Underwater photography is much harder than it looks.
I grew up loving National Geographic, then Outside and a bevy of outdoors, nature, sailing, and backpacking magazines. I was always drawn to the photography, and particularly amazed by the underwater photography. While I’ve done a ton of outdoors and landscape photography over the years, I hadn’t had the opportunity to take photos underwater.
Until now. Preparing for a recent trip to Hawaii, I took a deep dive into the web to understand my options for taking photos underwater, and came up with a couple options:
- Waterproof disposable cameras. I used to always keep a couple waterproof film disposable cameras around with me for simple swimming and adventure shots (Fuji make a good one), but their historically poor quality just wasn’t going to be good enough for me for this trip.
- Waterproof digital cameras. There’s a couple rugged point and shoots that are made to withstand the elements, including going underwater. While not a viable option for diving, they work for snorkeling, swimming, and other lighter-weight endeavors. The Wirecutter covers rugged waterproof cameras and the pros and cons pretty clearly; in short, to get a rugged camera, you give up a lot in image quality. For me, and for $300-$400 dollars on a specific-use camera, that wasn’t for me.
- GoPro. If I already had a GoPro, I would have simply used a GoPro for underwater photography, simply for expediency’s case. But the GoPro camera quality isn’t up to par with some of the other options here, and the wideangle view isn’t what I wanted all my photos to look like. So I continued looking.
- Waterproof cases for DSLR / micro 4/3 The Wirecutter has a great review of underwater photography gear and tips, and it’s a great resource to understand how to get started. As I started to learn more about the need for extensive gear for diving, and the prices of the gear, including cases, lights, and more, it became obvious that for my limited usecase of 5-20 snorkeling, lake swimming, and ocean trips a year, I simply couldn’t justify the expense.
- Waterproof cases for iPhone. There’s a small selection of waterproof cases for iPhones that will allow you to take your phone into the water (Wirecutter covers them here), although none of them are real options for diving deep with your phone. For real underwater photography with your iPhone, the Watershot PRO Underwater Housing is solid; I bought one, and was pleased with how it felt, but ultimately decided to go a different way.
- Waterproof bags. Through a Lightstalking feature about underwater portrait photography, I learned about Dicapac and other waterproof bags. But for me, they seemed a bit too bulky and unweildy for snorkeling, and I wanted something that would be a bit easier to use, and would perhaps trust a bit more.
- Outex. Somehow I happened upon a Gear Patrol note about Outex, a former Kickstarter project that now has a full line of rubber waterproof cases for digital cameras. After reading a number of reviews to get a handle of others’ experiences with the Outex kits and how to use them, I was sold. Much less expensive than the hard-case waterproof cases, and easy enough to use out of water for bad weather, snow, mud, and other conditions, the Outex appeared to be a better solution for me to use not only for underwater photography in Hawaii, but for a wider range of activities throughout the year.
Paired with my Olympus OMD-E M5, it proved to be a good, easy to use, trusted, and effective solution for underwater photography.

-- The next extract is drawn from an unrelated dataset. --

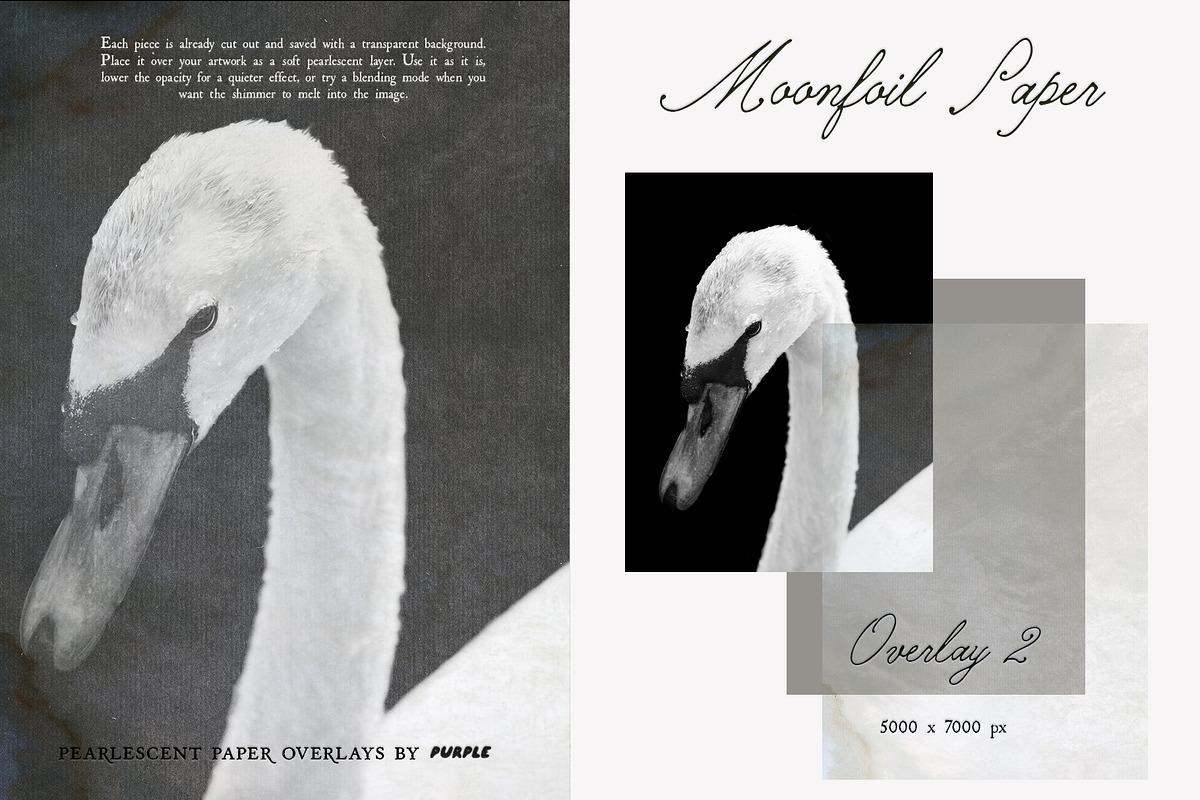 Moonfoil Paper: Pearlescent Overlays, a Texture Graphic by Purple (Photo 4 of 19)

But of course, the gear is only the start. The Wirecutter’s beginners guide to underwater photography was a great resource to help me understand how to shoot underwater. How to handle light, how to handle composition, how to handle exposure, all of these are a little different underwater which takes a bit of research and learning to understand. I’m still a beginner, but here’s a couple tips I picked up:
- Try to get level with the subject you’re shooting, rather than shooting from above. I learned this lesson years ago living in the Bahamas, shooting fish everyday to eat, and the same basic rule applies whether you’re shooting to with Hawaiian slings or cameras. Swim down to the same level as them, don’t shoot from floating on the surface. Getting level allows you to shoot upwards to make stronger compositions.

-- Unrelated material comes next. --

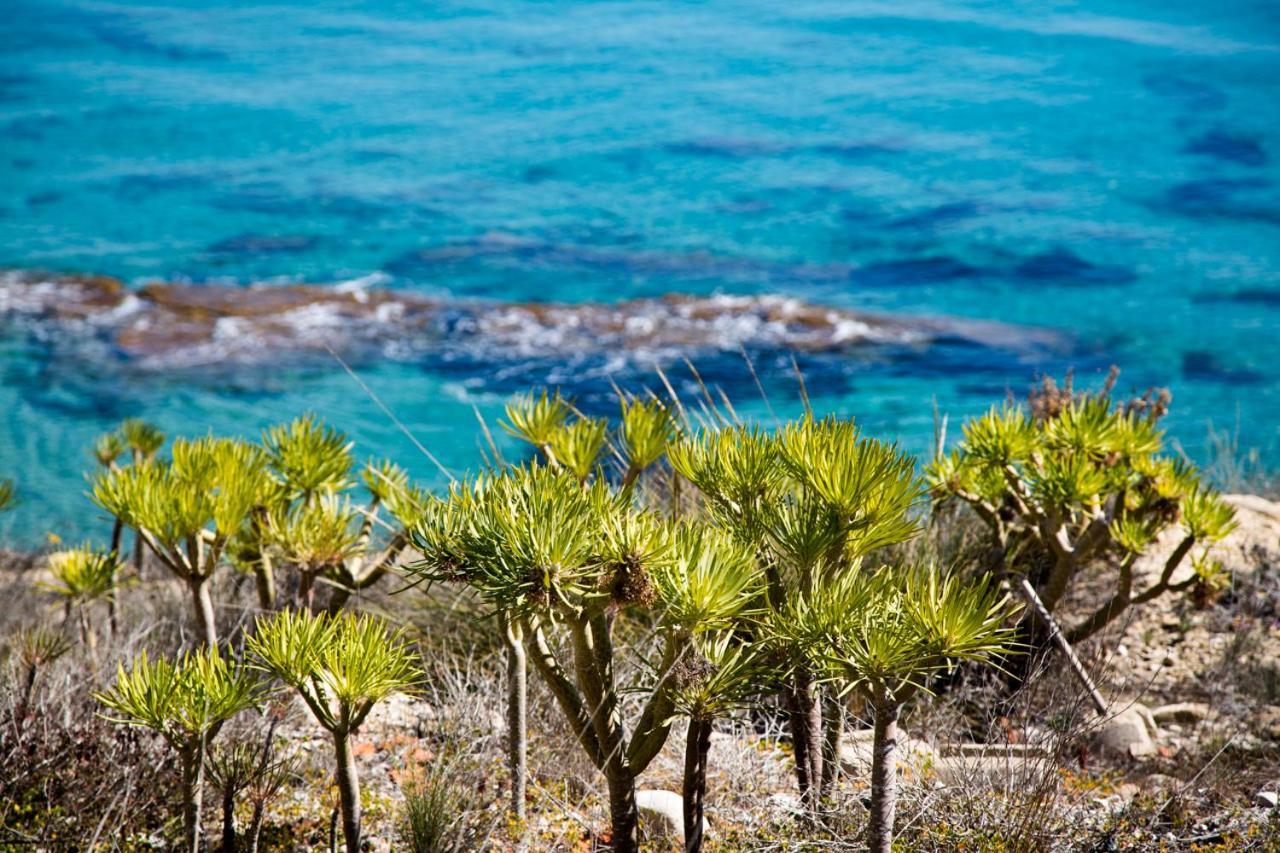 Calanuza Villa El Campello Exteriör bild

- Get close. Really close. It’s the same basic rule I teach a lot of people on land, but it’s critical to get really close. On land, getting closer often helps with a stronger composition, but underwater, it’s critical for light, contrast, and color, since water is nearly 800 times as dense as air.
- Light and Visibility. It’s really important to have good light to shoot, since the quality of the light will have a big impact on clarity and visibility. If the water is rough, or if you’re snorkeling off the beach, there will probably be a lot of sediment in the water from the action of the waves, reducing visibility and clarity. Just pay attention to the situation you have.
- Look out of the water. Some of the most interesting shots can come by combining water and land, so look for ways to shoot really close to the water’s surface, and perhaps combining the water and land in a frame.
- Patience. Fish move fast, you can’t possibly move as fast as them to frame your shots. Be patient and allow them to get comfortable with you and move around you. Composition is very hard to get perfect, so stay patient, shoot wide, shoot RAW, and just try and focus on enjoying the experience. Perfect composition and exposure can come through editing.